=== EXERCISE AIM ===
Write out, please, each line from the one containing "Presiden Joko Widodo" to the final line of the data, both included, exactly and without pictures.

=== COLLECTED MATERIAL ===
-.-.-
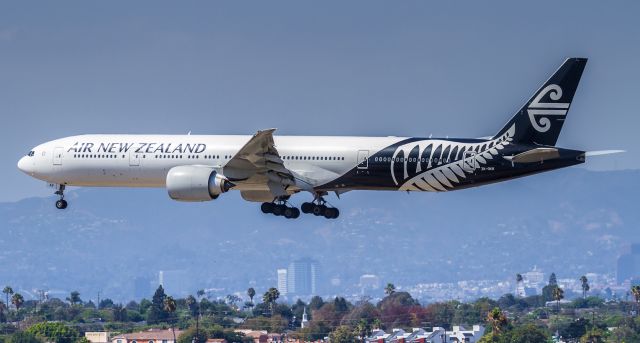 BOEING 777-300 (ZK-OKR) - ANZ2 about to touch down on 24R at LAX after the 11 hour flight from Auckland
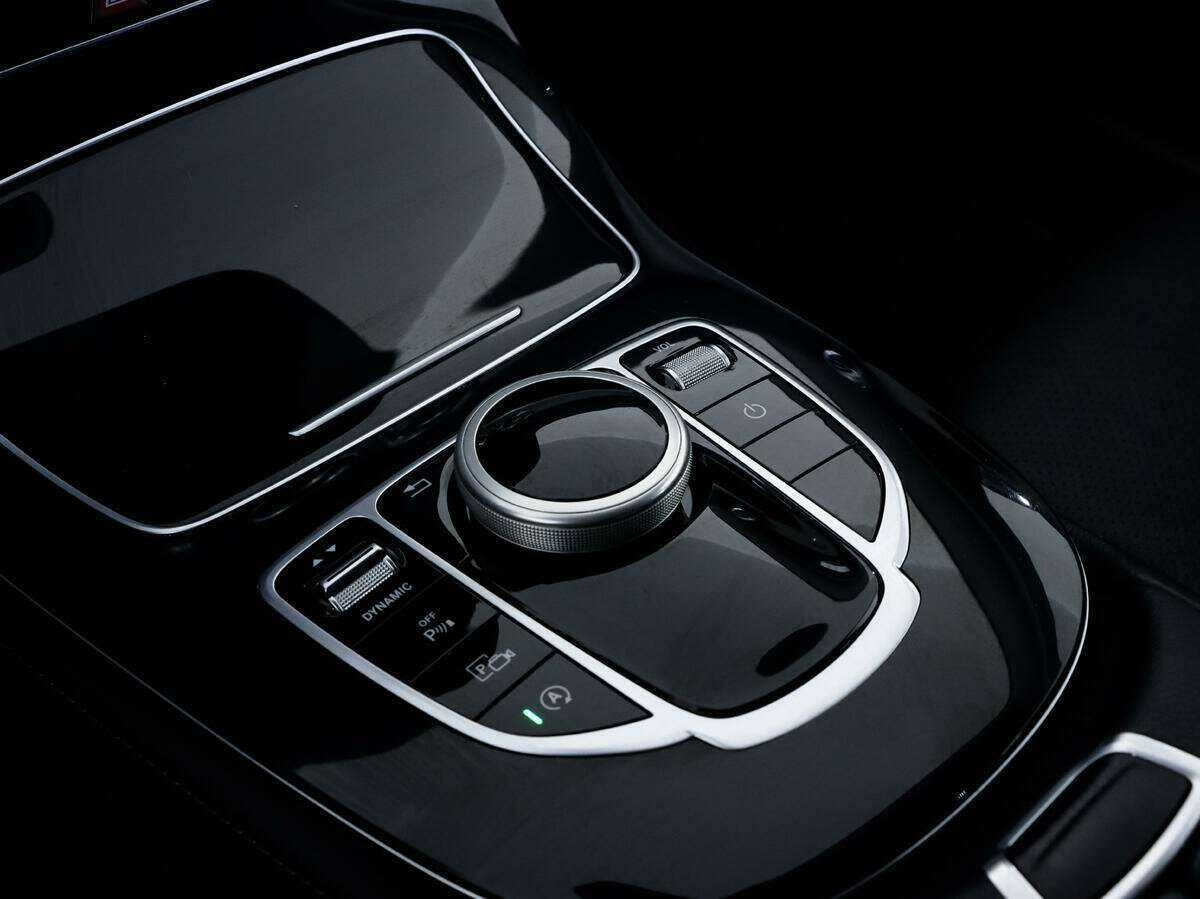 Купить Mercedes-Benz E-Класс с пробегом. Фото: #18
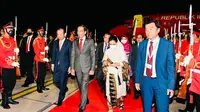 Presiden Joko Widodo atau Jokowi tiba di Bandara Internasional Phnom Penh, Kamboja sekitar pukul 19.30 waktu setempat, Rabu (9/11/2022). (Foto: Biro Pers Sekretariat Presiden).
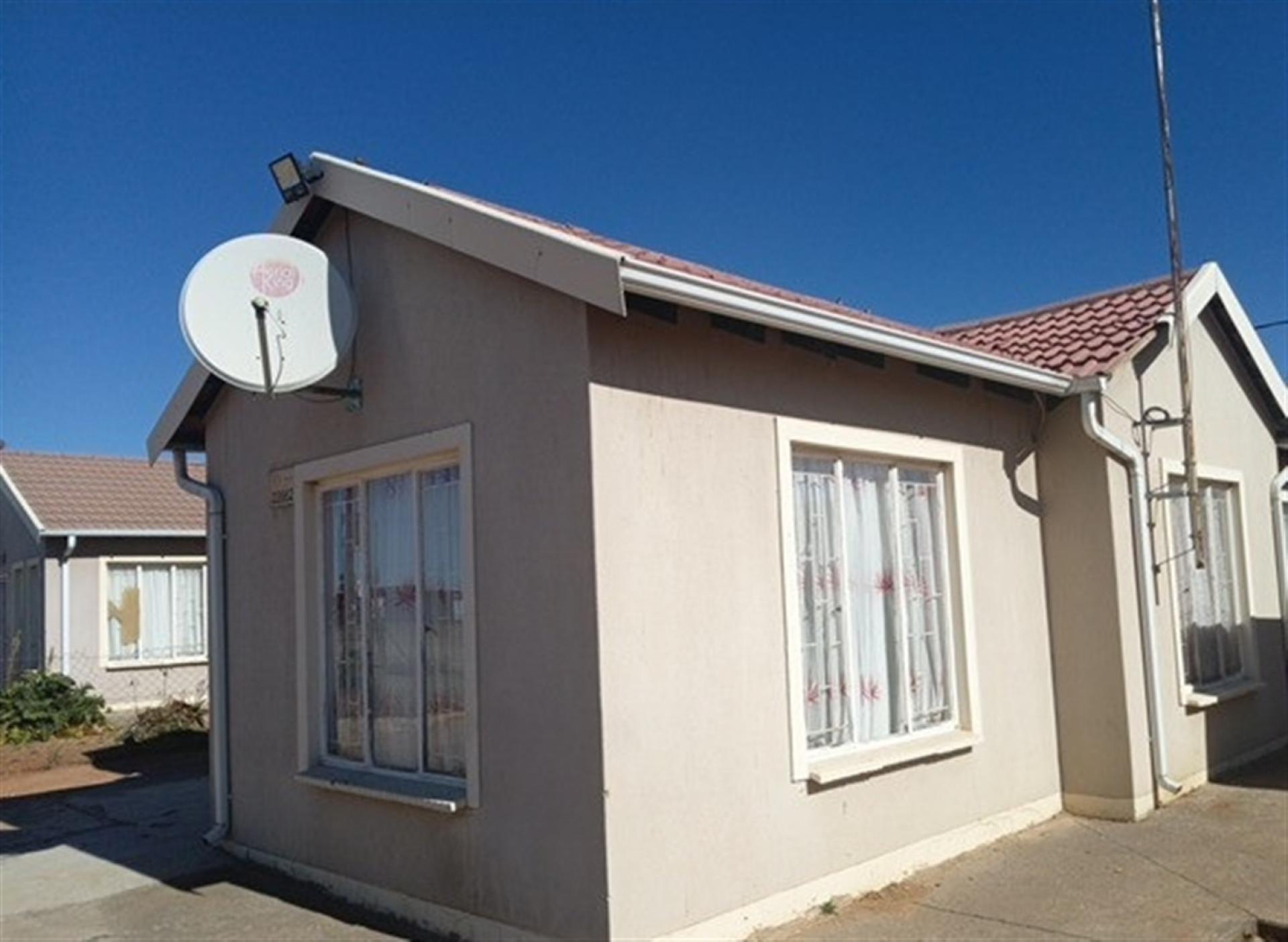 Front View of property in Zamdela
-.-.-
=== TASK SOLUTION ===
 Presiden Joko Widodo atau Jokowi tiba di Bandara Internasional Phnom Penh, Kamboja sekitar pukul 19.30 waktu setempat, Rabu (9/11/2022). (Foto: Biro Pers Sekretariat Presiden).
 Front View of property in Zamdela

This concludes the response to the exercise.